だから、吉本はあらゆる共同幻想からの自立を唱えた。
なぜそのような思想に至ったか?
戦中派の世代
総力戦のもと、最大の動員対象とされていた時期
幼少期は皇国教育が激化し、中東・高等教育をまともに受けられなかった
最も多感な時期を戦争の中で過ごした
原体験は敗戦の日
敗戦の日を境に、スイッチが切り替わったように、大人たちが戦後民主主義 に変貌していった 軍国主義を素朴に信じてそのままの延長で大人になろうとしていた青年は、めちゃくちゃな衝撃を受けた
これを考察して、考え方が逆転した現象を説明するためには、結局何かにすがらないと生きていけない人々は、そのすがる対象がなんであってもいいんだ、ということがわかった
であれば、それら全ての共同幻想から自立することでしか、解放されない、と思い至った
人間が世界を認識するために使用する三つの幻想
自己幻想
自分に対するイメージ、自己像
対幻想
1:1 の関係において、あなたと私はこのような関係なのだと信じる幻想
共同幻想
集団が共有する目に見えない存在、イデオロギーや法律などもそれ
想像上の秩序だね
SNSにおいても同じ構造を見て取れる
吉本の思想からみた戦後から今までの変遷
吉本の思想は、学生運動に参加する若者が敗北を正当化する論理を与え、スーツにネクタイで企業戦士になるための手助けをした 1968年の全共闘運動を極相に、国内でも学生反乱は終わり始めた その時に、学生たちをイデオロギーベースの思考から解放する役割を果たした
それは共同幻想だし、そこから解放されることが、本質的な人間の解放(幸せ)である、と言った
共同幻想は対幻想の性愛と友愛を、それぞれ国民と国家、国民同士、に割り当てることで全体としてそれになる
この操作をになったのが、昔は宗教で今はイデオロギー
対幻想にアイデンティティをおくことで、共同幻想からの自立を唱えた
マルクス主義や戦後民主主義といった当時の先進的な思想による革命にアイデンティティをおき社会改革を志すよりも、ささやかな家庭を築き守ることこそが本質的な人間の解放につながる、という論理を与えた しかし、吉本のこの思想が今度は、職場や団体などの共同体に人々を埋没させ、歯車として思考を停止させていく結果を招いた
それが高度経済成長を牽引したが、その後の失わせた30年をもたらした 対幻想にアイデンティティを置くことで、自分は家庭を守るから職場では思考停止して歯車になるのだ、という謎のヒロイズムを共有してた
そして、この対幻想への依存は、性差別による尊厳の獲得だった
社会的な自己実現は事実上放棄して、その代わりに妻とその子を守ることにアイデンティティを見出す そして、そのために守られるべき村z内であり続けるために妻の自立は認めない
そのようにして、彼らは「妻子を守る」ことを免罪符にして、会社組織における思考停止を自己正当化していった
彼らが批判していた、執行部の命令通りに虐殺に手を染める党員と、同じ
こうした組織ではトップダウンのイデオロギーからは解放されたが、ボトムアップの空気と同調圧力に埋没していった
ヒロイズムを共有している男性は、自己実現に対するルサンチマンも抱えていたのだろう、同調圧力が発生していた それは妻子のコミュニティ、学校などに関しても同じだった。
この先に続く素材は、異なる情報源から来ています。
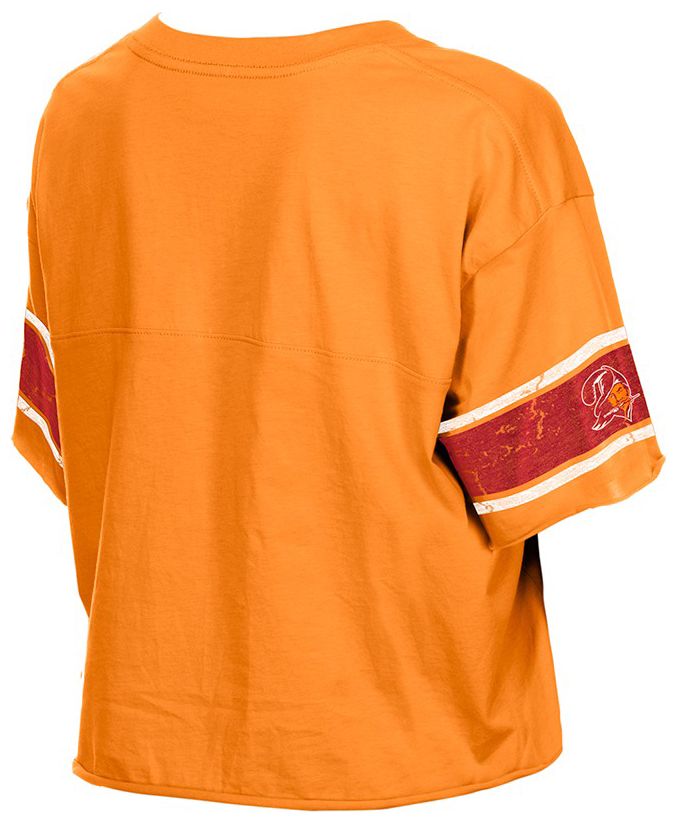 New Era Women's Tampa Bay Buccaneers Orange Bubble Faded T-Shirt product image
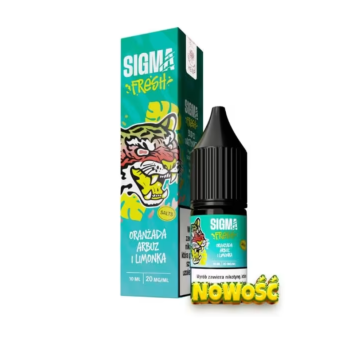 Liquid SIGMA FRESH Salts 10ml - Oranż Arbuz i Limo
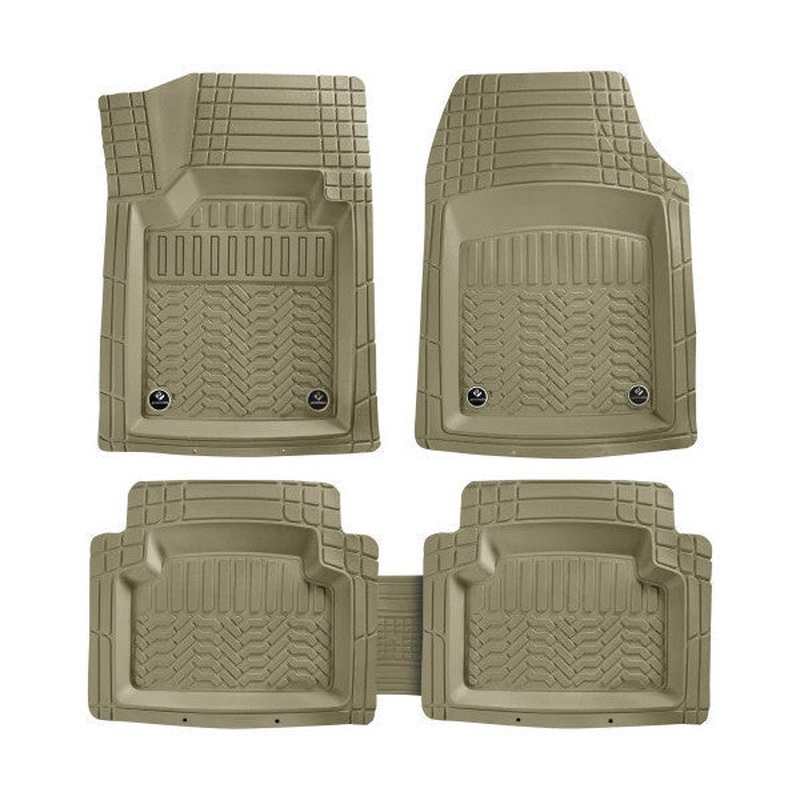 Floor Mats for Ford Escort Chrome Beige Car Mat TPE Rubber Waterproof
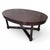 Brown Vintage Art Deco Barbara Barry Oval Mahogany 2 Leaf Extension Dining Table For Sale - Image 8 of 11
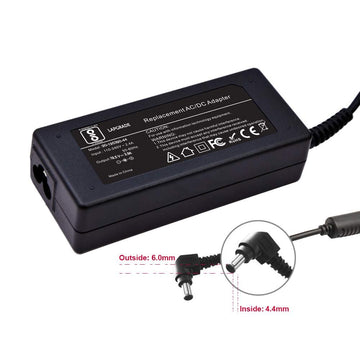 LAPGRADE 19.5V 3.9A Adapter Charger for Sony VAIO VGN-NS, VGN-N, VGN-NR, VGN-FZ, VGN-NW Series Laptops & Notebooks (Without Power Cable)- Black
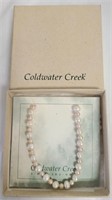 925 Sterling Clasp Pearl Necklace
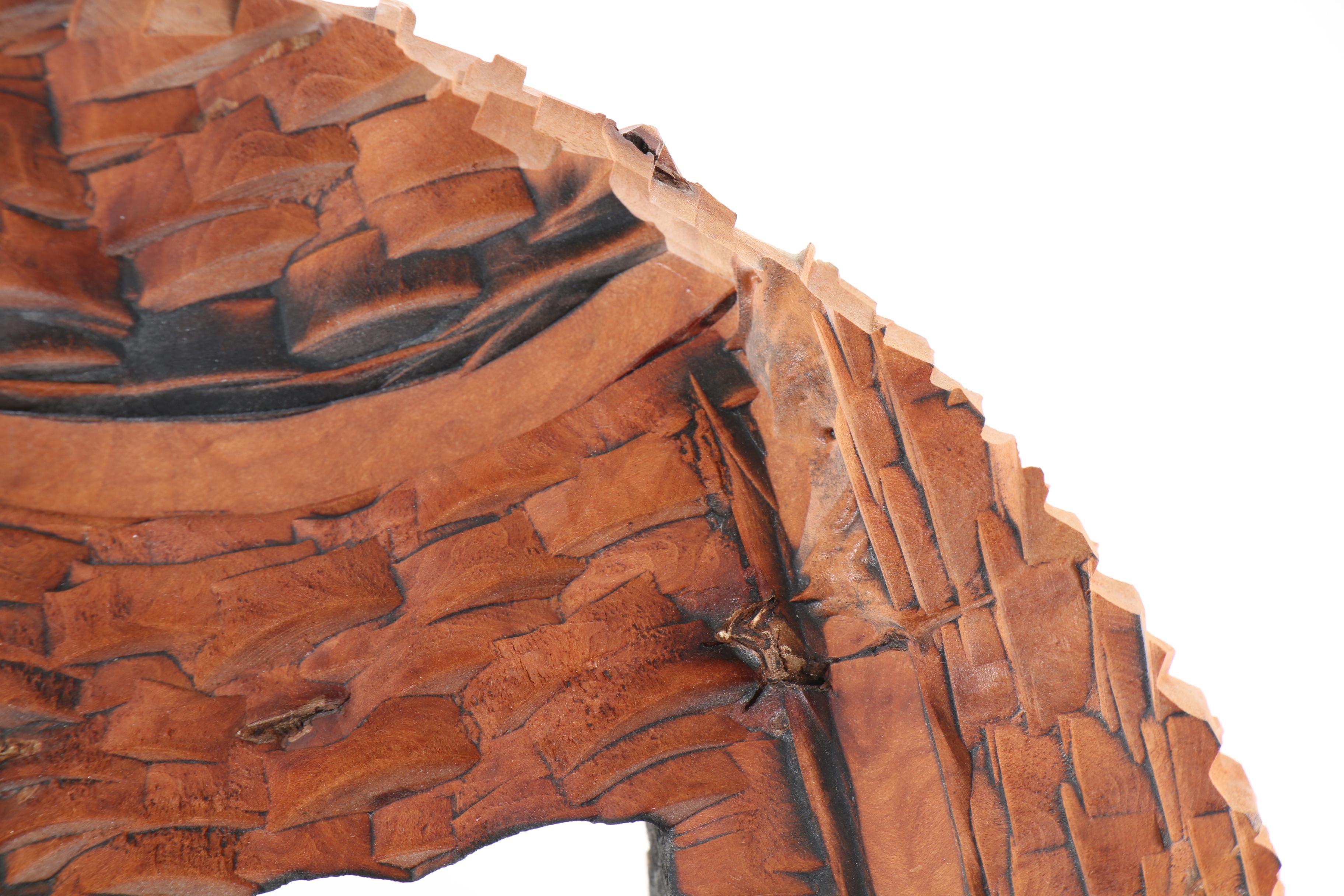 Jack R. Slentz Carved Wood Sculpture "Disc 2000 Meadow Burl"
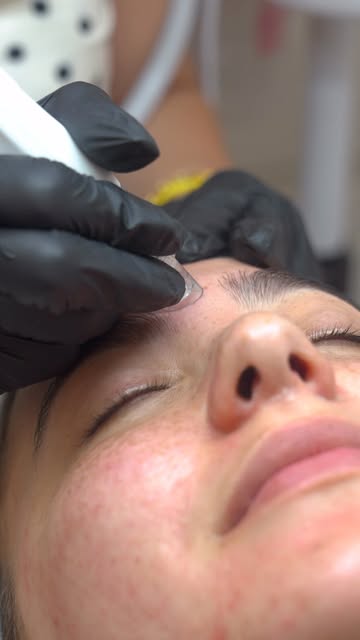 Präzise Augenbrauenbehandlung bei Roxana Beauty Bar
人並みの、普通の価値観が正当とされ、同調圧力が働いた
吉本の戦後の対幻想による改革は、2つの理由で失敗に終わった
自立は、性差別による擬似的なごっこであった
自立ごっこを建前に社会での本音としてこれまで以上に強く共同幻想に埋没していった
これは結局思考停止していたよね、という話だと思う
吉本は、分人というものを考慮できてなかったのだ
サラリーマンは仕事と家庭で人格を分けていた
丸山の思想に対する批判から考察してみる
丸山 眞男は、主体的に市民として自立することを訴えた 日本軍のボトムアップの空気による意思決定
コミュニティにおける暗黙の了解として、全員の無責任の集合体として、意思決定された
責任の所在を曖昧化しつつも強い実行力を伴わせるために天皇という権威を利用していた
これに対して、戦後民主主義というイデオロギーによって、封建的で思考を停止した大衆ではなく、近代的な市民としての自立を訴えた 吉本の丸山に対する批判
戦後民主主義自体、核の傘の庇護に依存した一国平和主義以上のものはなかった、という批判はあるが、吉本はそもそもイデオロギーの移転をしても意味がない、というそこの対立のそもそもを批判した。 日本だけが守られていればそれで良い、それ以外には干渉しない
つまり、イデオロギーに埋没すること自体が、人を思考停止に陥れる、と主張した
そのためには、「大衆の現像」をその思想の前提にするべきだと言った イデオロギーはデモ帯には響いても、デモに乗っかって出店を出すアンパン屋には響かない つまり、このアンパン屋てきなリアリティに人間が立脚することで、自立を促せる、とした
吉本は丸山の批判を新しい形で元に戻した
しかし、結局この吉本のいう大衆の原像というのが、そもそも丸山が批判した無責任の体系の温床である、ということを過小評価していた
対幻想に依存することで、結局全体が見れなくなる
この大衆の原像を強化しすぎることで、結局全員が無責任になる可能性がある、ということ。
どういうことかというと、
アンパンではなく、タピオカ屋を出して売れまくった若者集団がいたら、それを村八分にするという非道的な行いをする可能性がある
対幻想は全くそれに対抗することはできず、結局妻子を守るための職業集団のコミュニティに埋没している状態では、ボトムアップの共同幻想からは逃れられないのだ
消費という自己幻想を用いた自立
結果的に対幻想を用いた自立はなしえなかった
それに対して次は、1980年代(政治の季節が決定的に相対化された頃)から、吉本は消費社会の到来を見越して、自己幻想を用いた自立を促すようになる 1984年にはコムデギャルソンの服でananにでたらしい
https://scrapbox.io/files/64983c6d9964e30021cc685d.png
学生運動などイデオロギーが支配した時代では、個が失われていた、そしてそれを対幻想、主には妻子に対するヒーローという形で個を作り出そうとした。しかしこれは、イデオロギーから、妻子に依存先が変わっただけだった そして、高度経済成長によって、必需品以外を購入する余裕が出てきたことで、人々が初めて消費によって自己表現をするという贅沢をできるようになった
お金がある程度あれば、ものを買って、それによって自由に自己を表現できるようになったわけだ
しかし、この消費による自己表現は成長によって当たり前になった
当たり前になったことで特別な意味はなくなり、家族や職場から人間を自立させる能力はなくなった
というか、そんな簡単なことではなかった、という話だと思う。結局今のファッションだってどこかが意図的に作った流行に合わせて商品が製造され、それを消費するだけになっている。古着であってもそれは自己というより所属を示す程度のものでしかなくなった
結局みんな他人から認められないような変な格好では歩けない、これもボトムアップの空気だろう。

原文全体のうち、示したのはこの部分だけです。